We found the bus station by chance. Well not by chance I guess, we went right instead of left and there it was somewhere through the smog. We sometimes forget that the guide book is in fact that, a guide, and the directions it provides sometimes aren’t as holy as we would like them to be. “The bus stop is towards a piece of the old city wall, once you get out of the subway.” But where the hell is the old city wall? Why didn’t they say, “Turn right when you get out of the subway?” They also never mentioned that you would have to cross a major highway in order to get there. We figured it out though. We always do. As we made our way out of the sprawling mass that is Beijing, we started to see some remnants of the mighty wall crumbling behind the cliff tops and rocky enclaves of the mountainous terrain. “How the hell did they build the wall there?” I said under my breath. My heart started beating a little faster in anticipation of getting my first look, signs littered the highway for the main attraction that was to come and I wondered how long it would be before we got to see our piece.

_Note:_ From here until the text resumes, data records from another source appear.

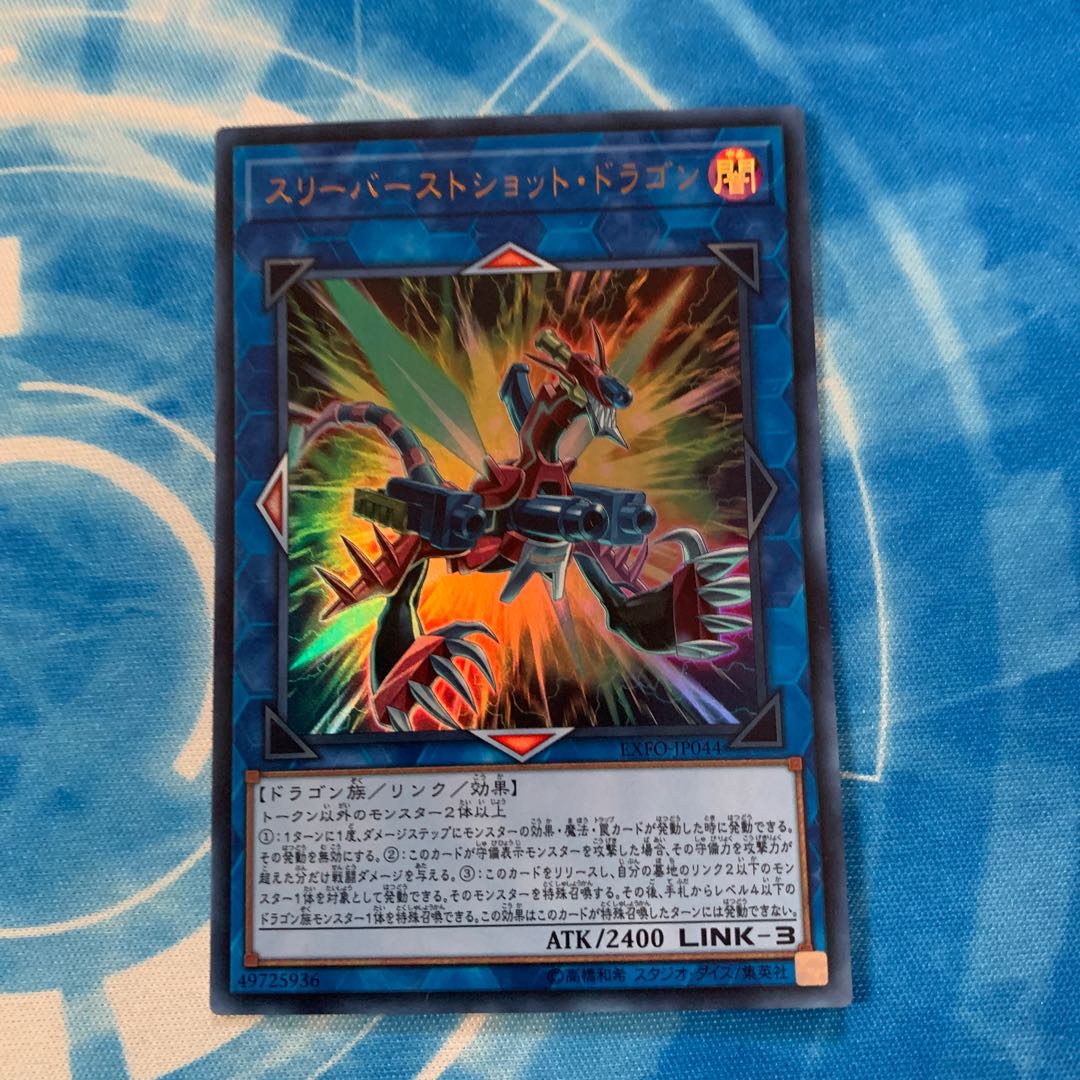 スリーバーストショット・ドラゴン ウルトラレア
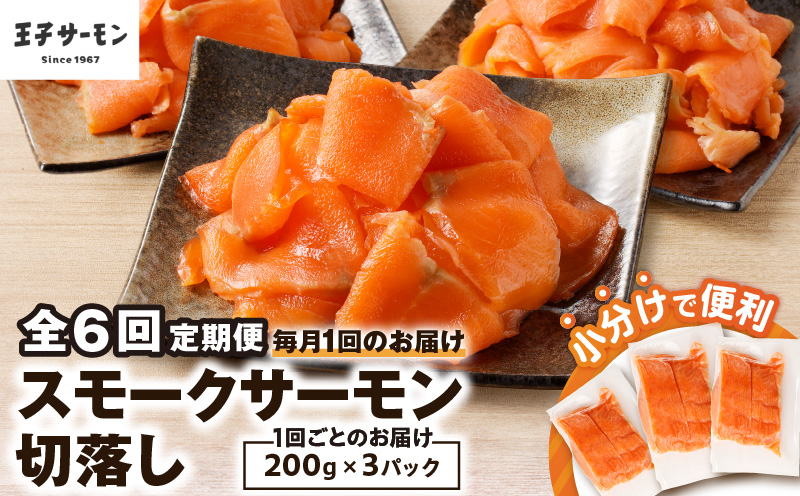 【全6回定期便（毎月）】【王子サーモン】小分けで便利！スモークサーモン切落し 200g×3パック（計600g） 魚 魚介 惣菜 総菜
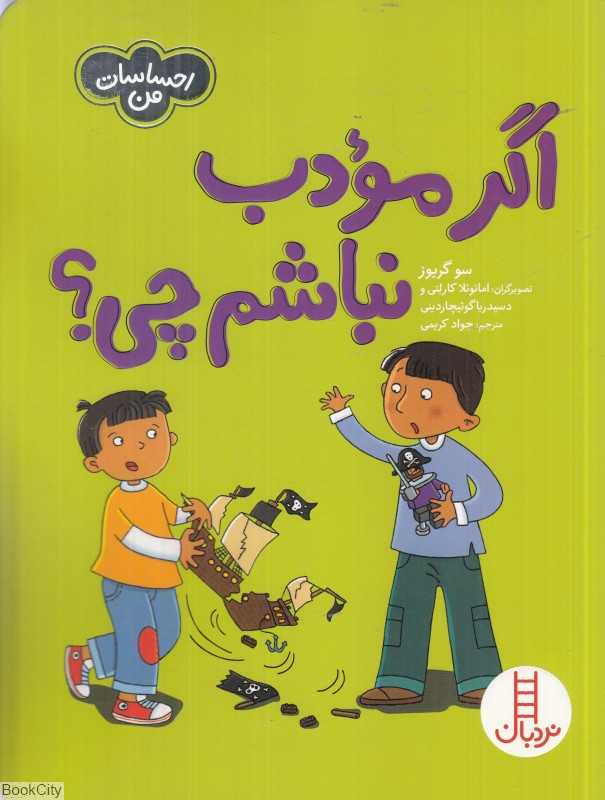 اگر مودب نباشم چی (احساسات من) (تصویرگر امانوئلا کارلتی و دسیدریا گوئیچاردینی) - 0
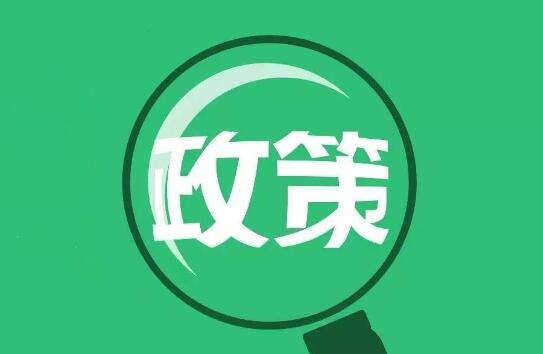 國(guó)務(wù)院：制定涉企政策必須聽取企業(yè)行業(yè)意見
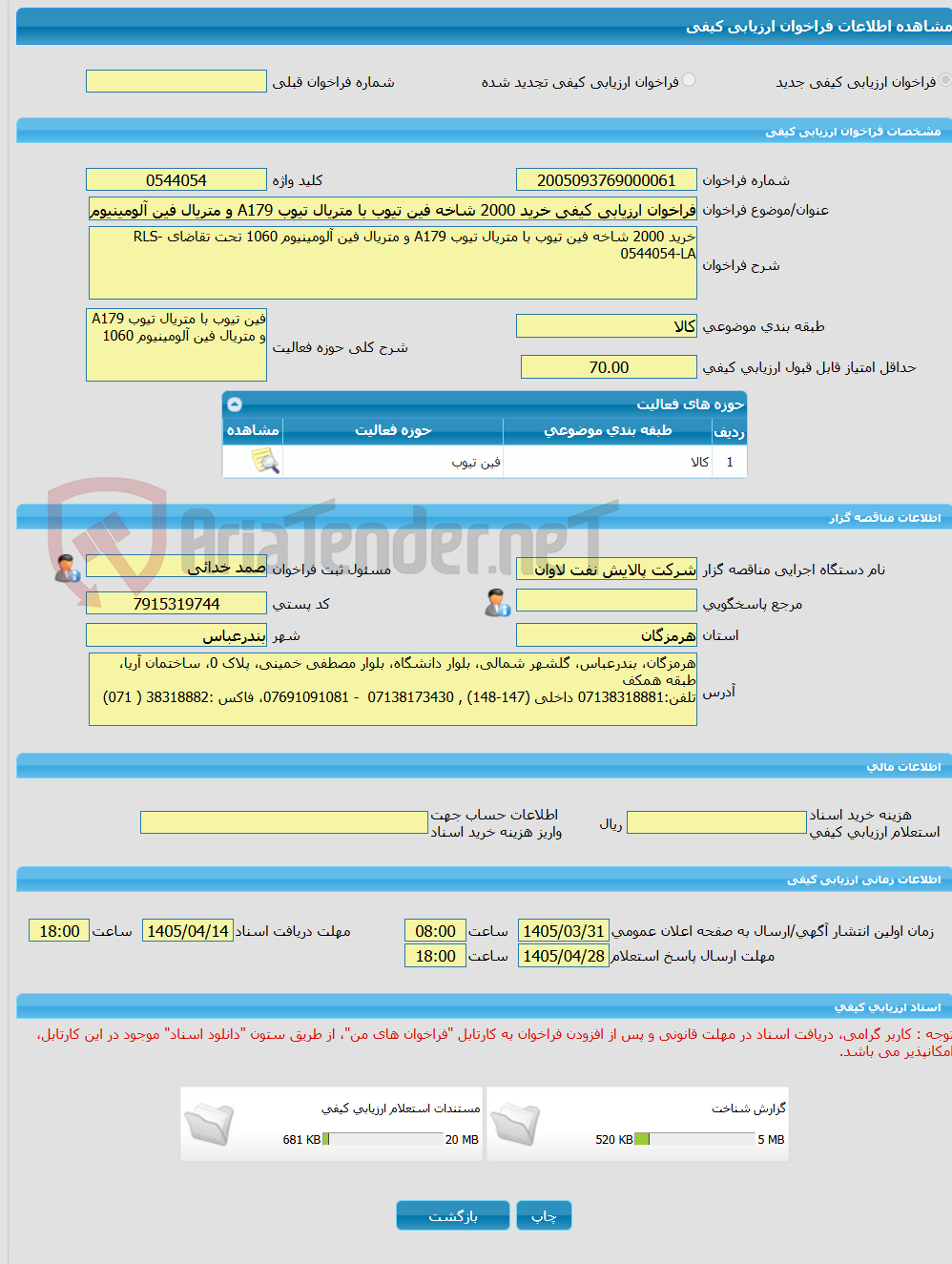 تصویر کوچک آگهی فراخوان ارزیابی کیفی خرید 2000 شاخه فین تیوب با متریال تیوب A179 و متریال فین آلومینیوم 1060 تحت تقاضای RLS-0544054-LA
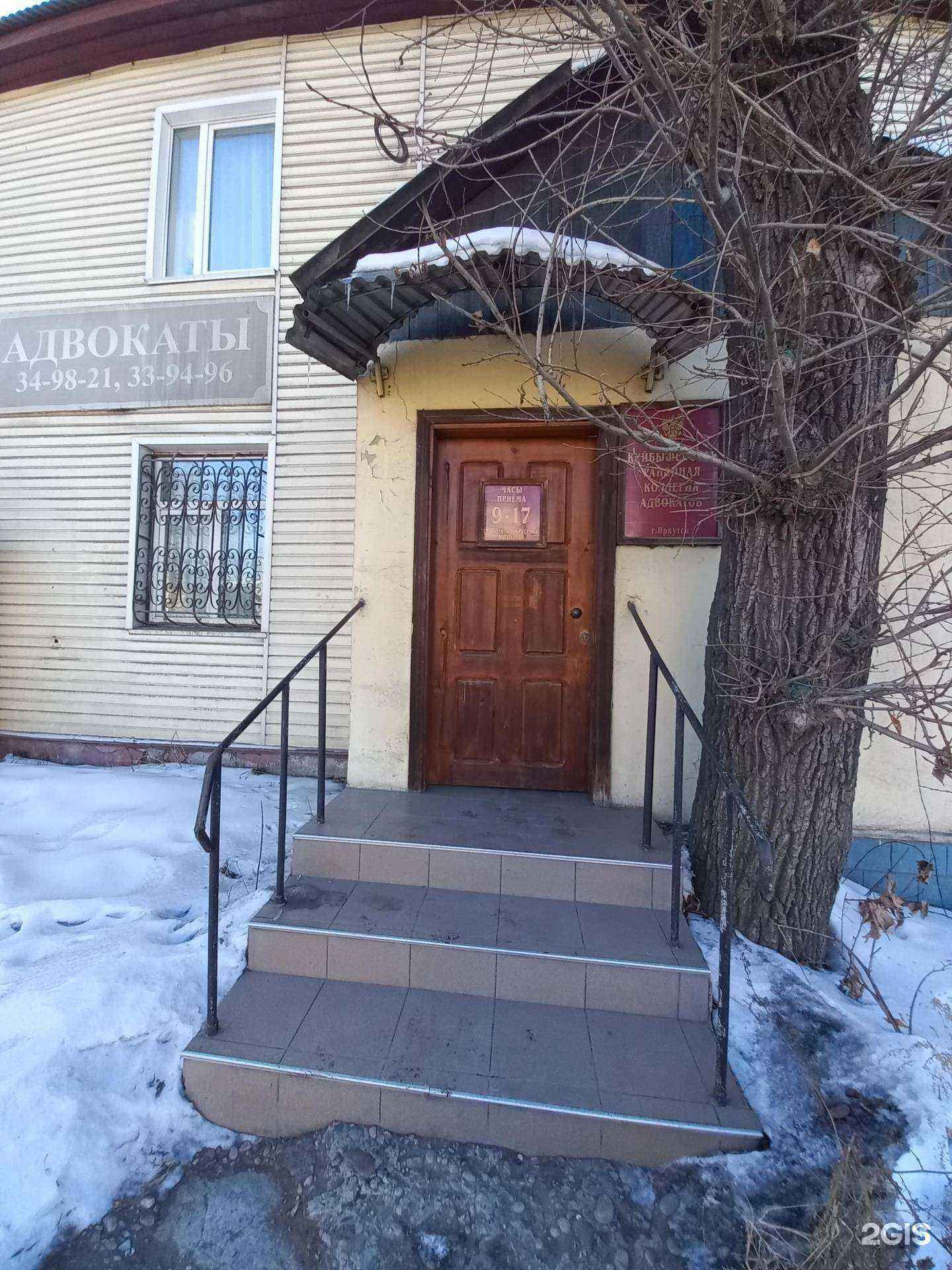 Отзывы на компанию Куйбышевская районная коллегия адвокатов г. Иркутска и Иркутской области в Иркутске c фото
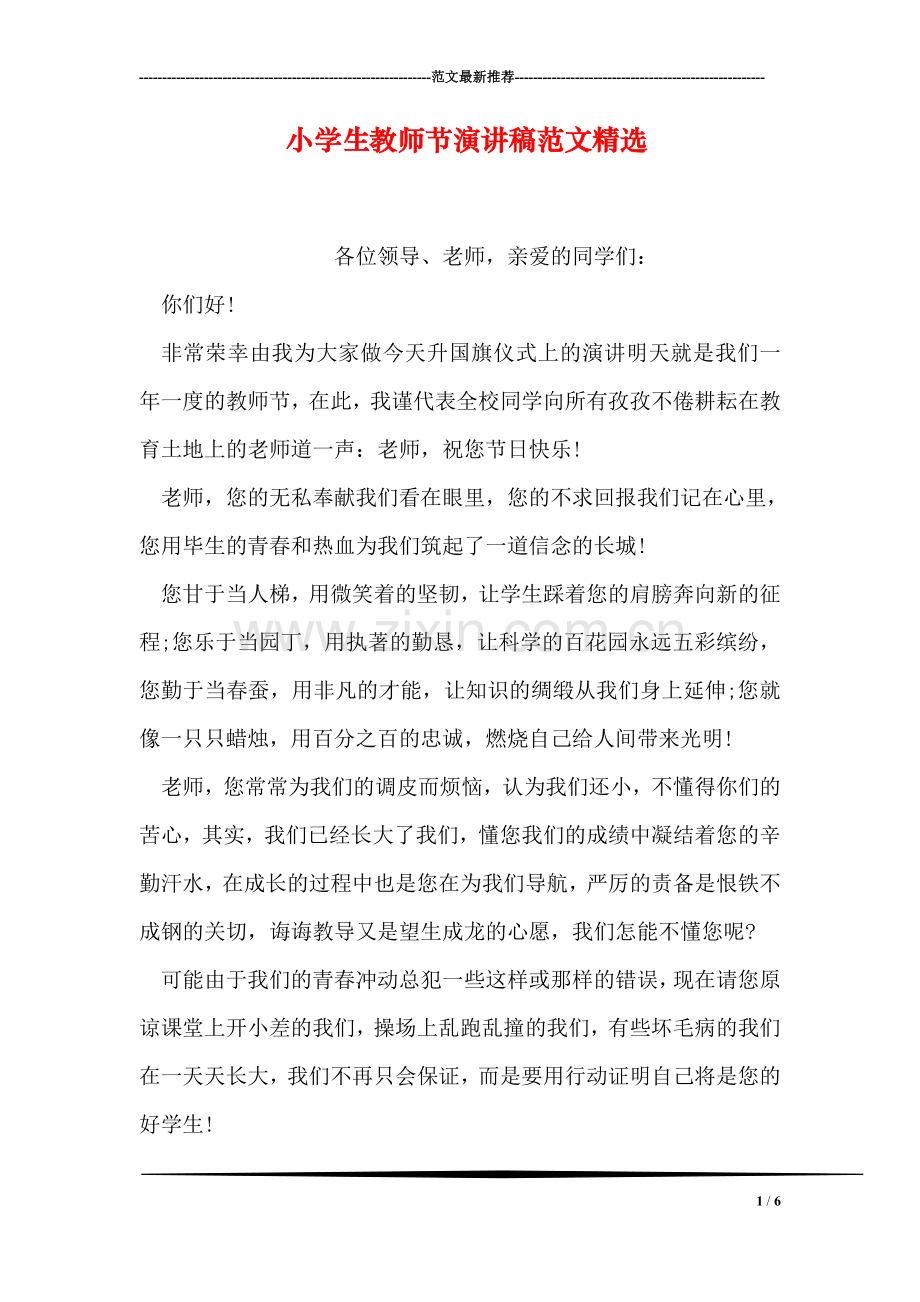 小学生教师节演讲稿范文.doc_第1页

We got off the bus and followed the English signs directing us to the entrance. We still couldn’t see it and walked with a little more pepper to each step. I had my camera in hand, ready to capture my first glimpse of this wonder of the world. After making our way through the ticket booth, scampering up the stairway onto the spine of the great beast, our eyes finally feasted on what is, “The Great Wall of China”. I never did take that picture as I had planned; we just stood in awe as the giant serpent slowly slithered off into the distance. The Great Wall is an amazing structure; it sticks seamlessly on top of whatever terrain that is set underneath it. Parts that we climbed were almost at what seemed a ninety degree angle straight up, and then inevitably straight down. Obviously The Wall wasn’t built to be the tourist attraction that it is today. Although it never really did what it was supposed to do on the grand scale of which it was built, the idea alone of building a wall that is some five hundred kilometers long is an amazing achievement, and I would say a little bit crazy. Climbing The Great Wall was a slow tedious process and maybe even a little bit dangerous. Its steep staircase over somewhat impossible terrain was relentless. We finally reached the peak of the less travelled side and from the lookout point you could really see for the first time the enormity of the structure. It seemingly went on forever. At this point we finally stopped to take that picture but as always it never does a wonder like this justice, you really just have to see it with your own two eyes. There is an old Chinese proverb that says, “You’re not a man until you’ve walked The Great Wall.” Finally my time had come.

B.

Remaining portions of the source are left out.